Le temps de planter le bivouac entre les fleurs et les légumes et nous sommes sur la terrasse, en surplomb du fleuve. Sur la gauche derrière un tremble, la centrale nucléaire de Golfech. Nous y étions, au barrage hydroélectrique attenant pour être exact, un peu plus tôt dans l’après-midi, accueilli par Jean-Marie Delpeyroux de l’association Migado. En poste depuis 1987, Il veille sur le fonctionnement de l’ascenseur à poissons et compte le passage des migrateurs, anguilles, lamproies, saumons – qu’il prélève pour les monter en camion jusqu’à Pamiers.

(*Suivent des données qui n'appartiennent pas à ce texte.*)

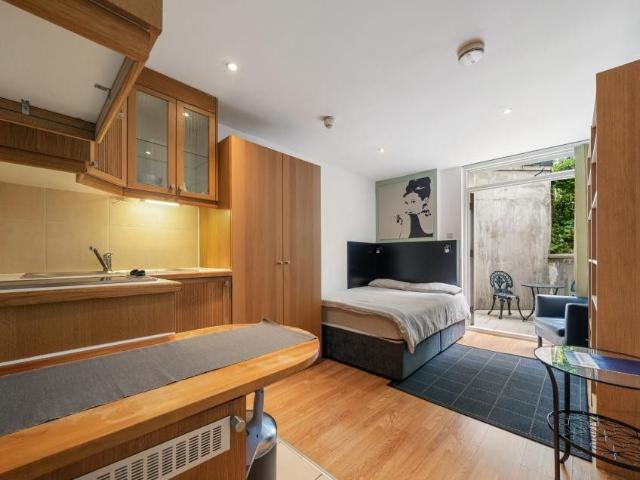 Studio for rent in West Hampstead, Greater London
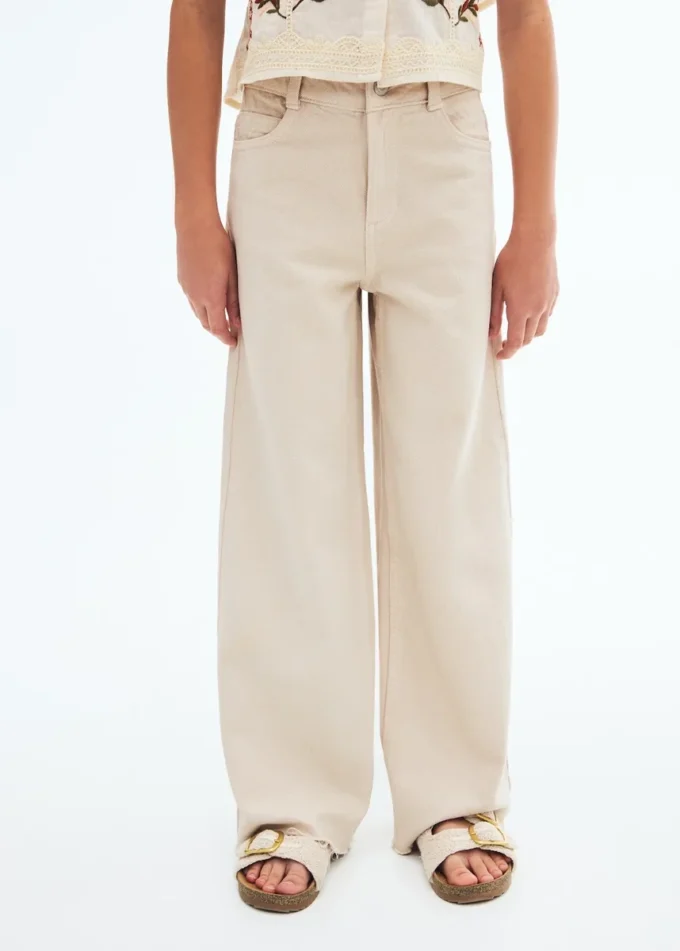 Džíny s širokými nohavicemi a nízkým roztřepeným lemem Džíny s širokými nohavicemi a nízkým roztřepeným lemem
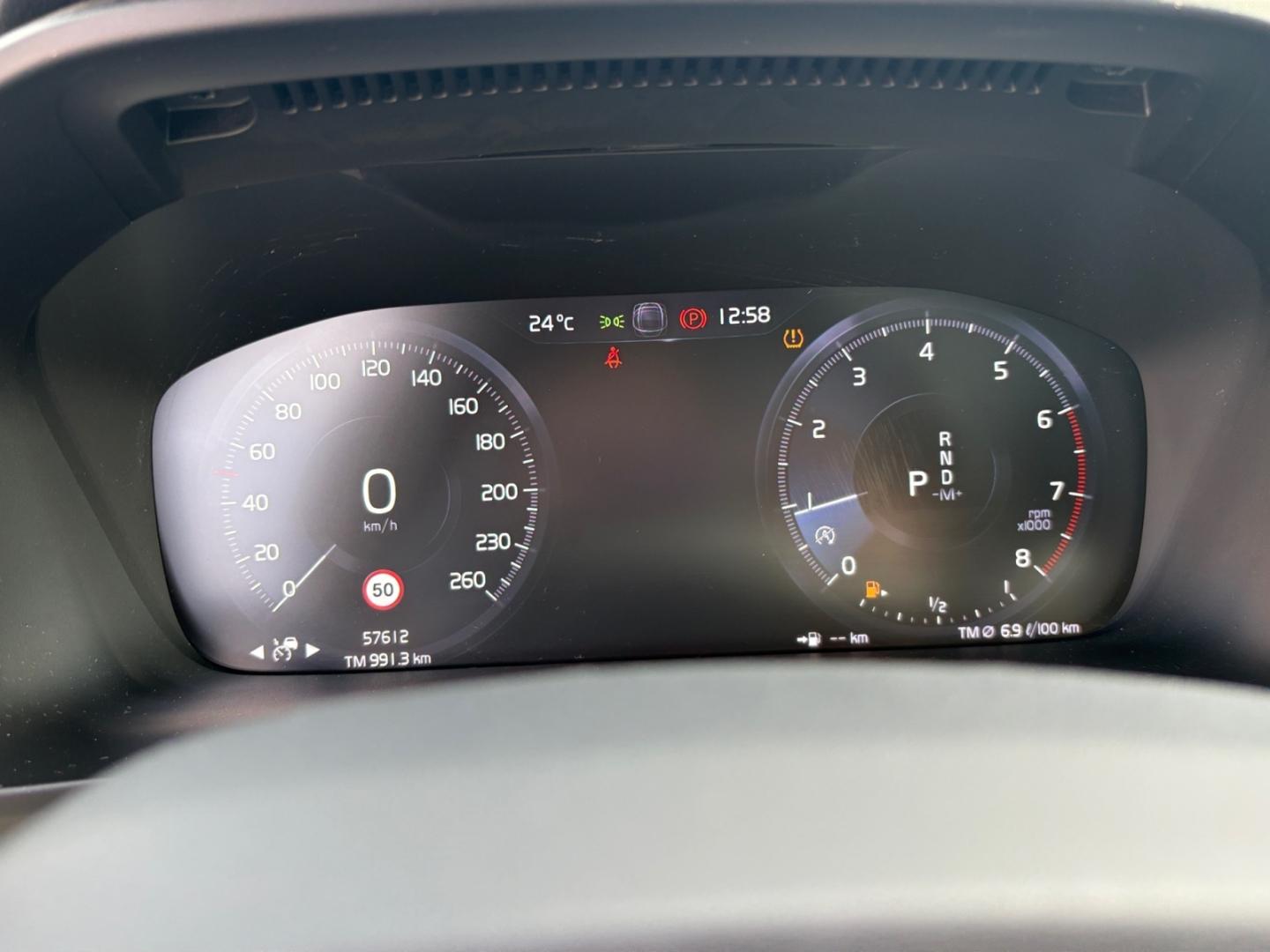 Volvo XC40 R Design*Business*S-Dach*Xenium*Winter*Inte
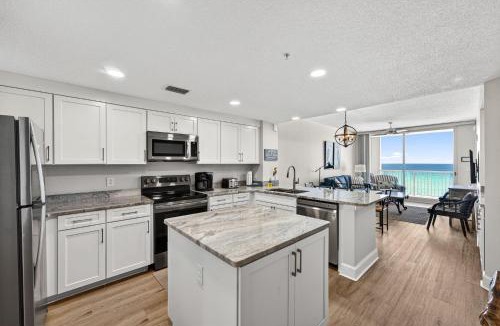 Long Beach Apartment | Majestic Resort! Newly Updated Beachfront 3BR Condo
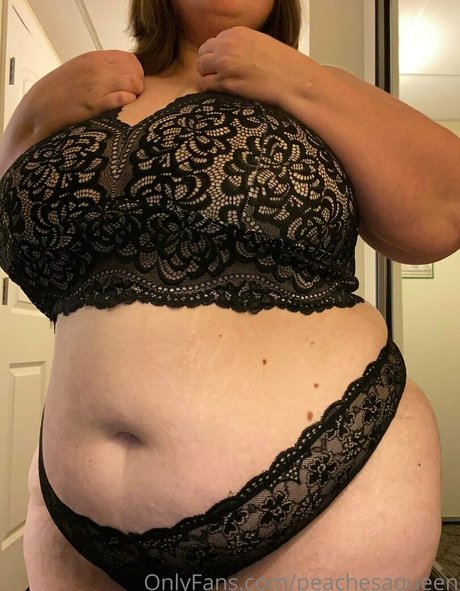 peachesaqueen pornographic star pic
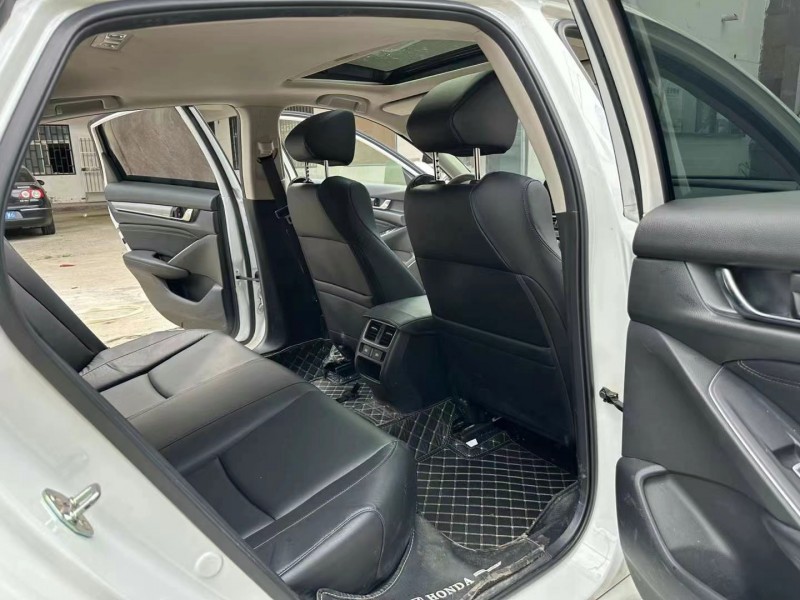 徐州22年本田雅阁7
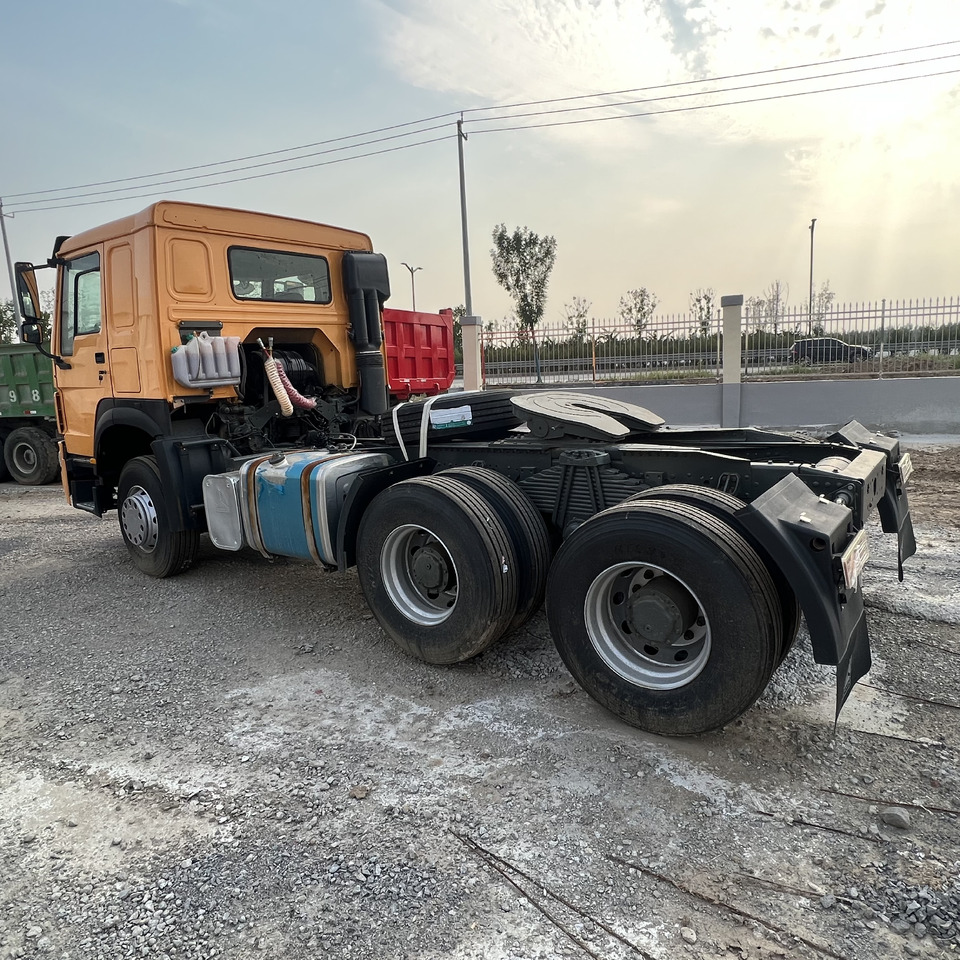 SINOTRUK HOWO - Cap tractor: Foto 1 SINOTRUK HOWO - Cap tractor: Foto 1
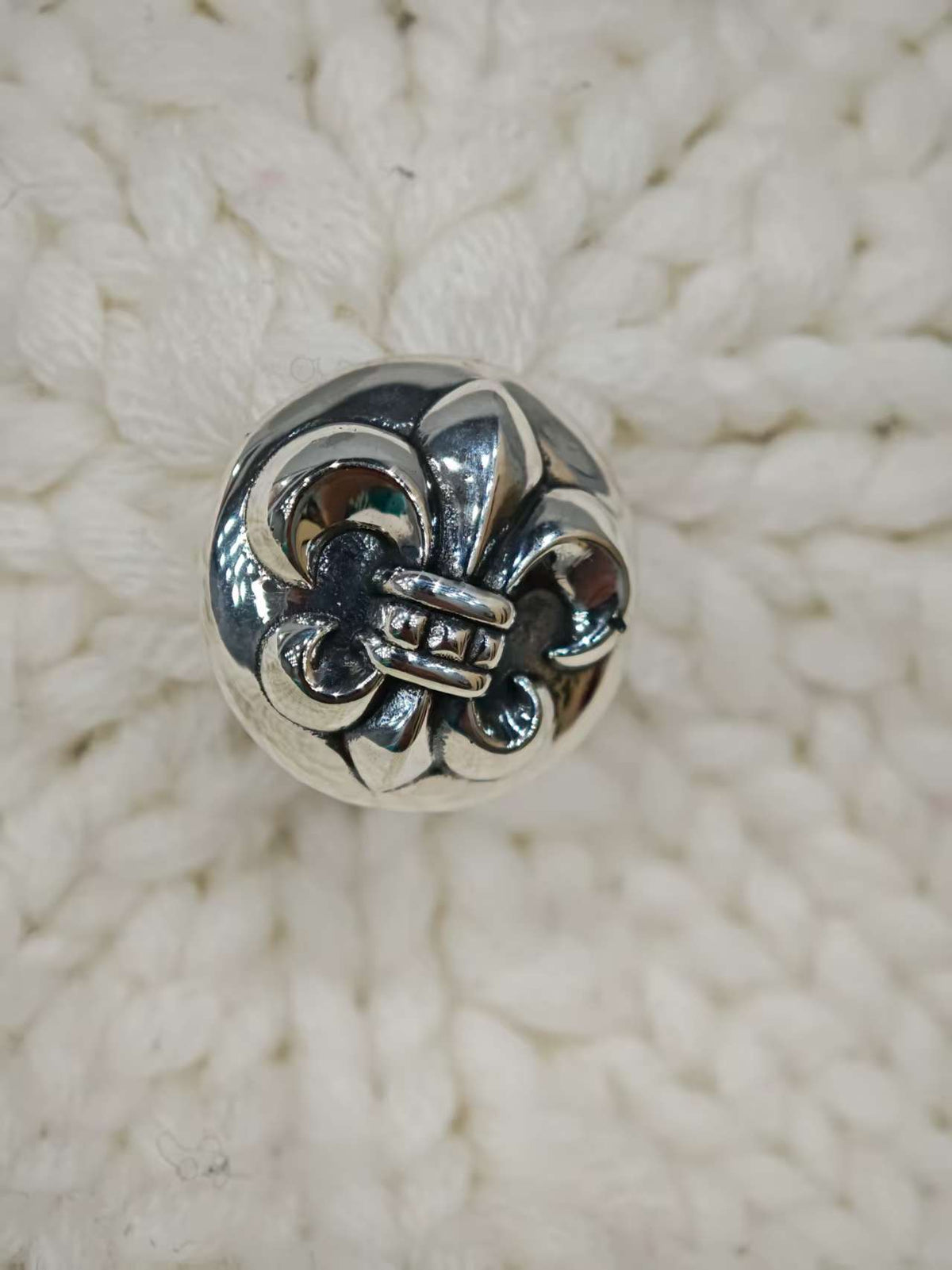 Chrome Hearts 925 Silver Accessories Black And White Two-Color Leather Scout Flower Knitted Cashmere Cold Hat #328755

Par la fenêtre de son bureau, carré de verre donnant sur la partie immergée du canal de dérivation, il a été le témoin du brusque effondrement, au début des années 2000, de la population d’aloses.
Comme le rappelle un panneau sur le quai de Lamagistère, la pêche de l’alose est aujourd’hui interdite. Seuls les silures – en faction autour des entrées de l’ascenseur – le restaurant dit Jean-Marie – se délectent encore de la poignée d’individus qui s’y présente encore aujourd’hui. Le temps n’est pas si loin pourtant où Lamagistère hébergeait le championnat de France de pêche à l’alose et où au pic de la période de reproduction les habitants situés, comme les Henault, en bord de rivière étaient contraint de déménager dans les pièces arrières de leurs maisons pour échapper à la rumeur nocturne – le grondement océanique – produit par la multiplicité sonore des accouplements. Pour libérer œufs et semence, la femelle et le mâle se livrent à une danse spiralée d’une trentaine de secondes appelée bull, sans doute pour le son de remous qu’il produit.
Aucune frasque ne viendrait troubler notre sommeil. Zéro bull.